In 2020, mandatory sentences were introduced for Child Sex Offences under the Crimes Legislation Amendment (Sexual Crimes Against Children and Community Protection Measures) Act 2020 (Cth).
When the law prescribes a mandatory sentence, the magistrate or judge must meet this sentence as a minimum for the offence. An example of this under the new legislation is grooming via postal or similar service, which carries a mandatory sentence of 15 years.
The legislation takes place Australia wide and amends the following legislations: Crimes Act 1914 and Criminal Code Act 1995. The main focus of these amendments is to increase the punishment for child sex offences, including ‘sexting’ with under age people, with the penalties increasing dramatically both for minimums and maximums.
The legislation also addresses offences that state legislation cannot, such as child sex offences conducted overseas.
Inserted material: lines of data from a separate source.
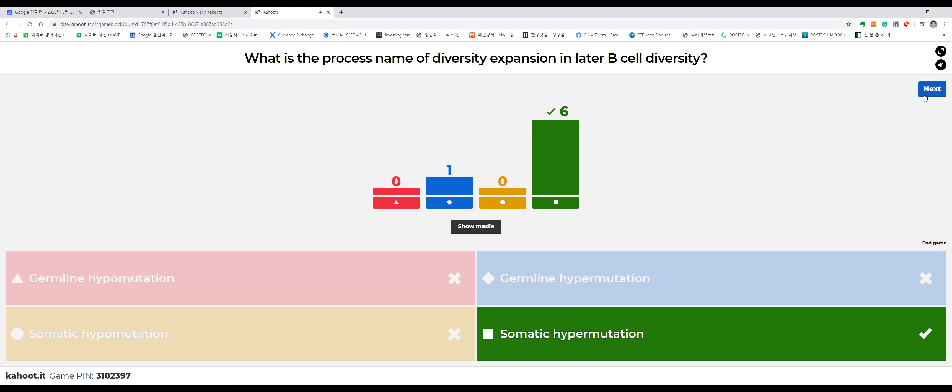Germline means inherited — it's present from birth. Somatic refers to the state after birth, where each part of the body matures. Hypo means low and hyper means over — so somatic hypermutation means an excess of mutation occurring in mature somatic cells.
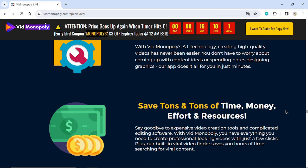Say goodbye to expensive video creation tools and complicated editing software. With VidMonopoly, you have everything you need to create professional-looking videos with just a few clicks. Plus, our built-in viral video finder saves you hours of time searching for viral content.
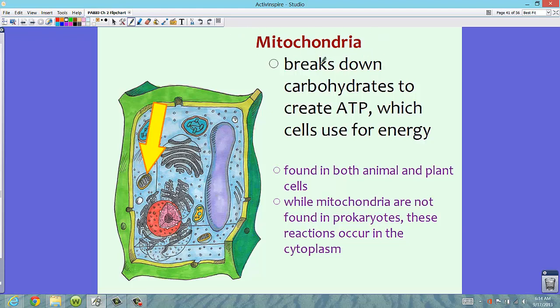Mitochondria break down carbohydrates to create ATP, which is basically a form of energy. Cells use ATP for energy to carry out normal metabolic functions. In most pictures, mitochondria are kidney bean-shaped; in this picture they look a little more oval. Inside, there's a squiggly line that is very important for cellular respiration to occur. Mitochondria are found in both animal and plant cells. Just like chloroplasts, mitochondria are not specifically found in prokaryotes — in prokaryotes, those metabolic reactions take place right in the cytoplasm.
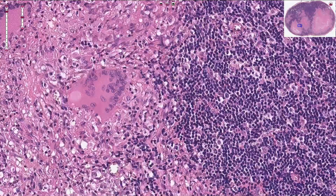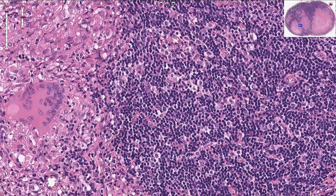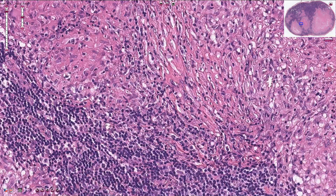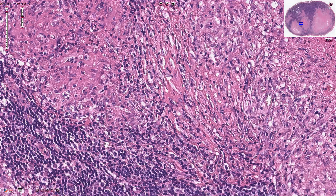Around the epithelioid cells we have a rim of lymphocytes, typically T cells, and farther out we can see some fibroblasts which produce collagen fibers. These fibroblasts try to wall off the process and contain mycobacteria inside the granulomas. Those thin pink strands are collagen fibers, and these spindle-shaped cells with elongated nuclei are fibroblasts.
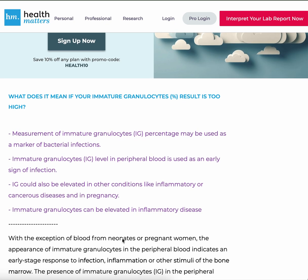What does it mean if your immature granulocytes result is too high? Measurement of immature granulocytes (IG) percentage may be used as a marker of bacterial infections. The IG level in the peripheral blood is used as an early sign of infection. IG could also be elevated in other conditions like inflammatory or cancerous diseases and in pregnancy.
The changes in this legislation not only impacts sentences, but also regulates Bail for when charges of this nature are laid. The ability to obtain Bail when charged with one of these offences becomes more stringent, with questions raised as to whether there are proper conditions which may favour the granting of bail while also protecting the community.
Additionally, the legislation makes amendments to minimum sentences for second offences, but also circumstances in which a sentence may be reduced. It should be noted however that these reductions are limited in comparison to other offences.
The contents of this publication are for reference purposes only. This publication does not constitute legal advice and should not be relied upon as legal advice. Specific legal advice should always be sought separately before taking any action based on this publication.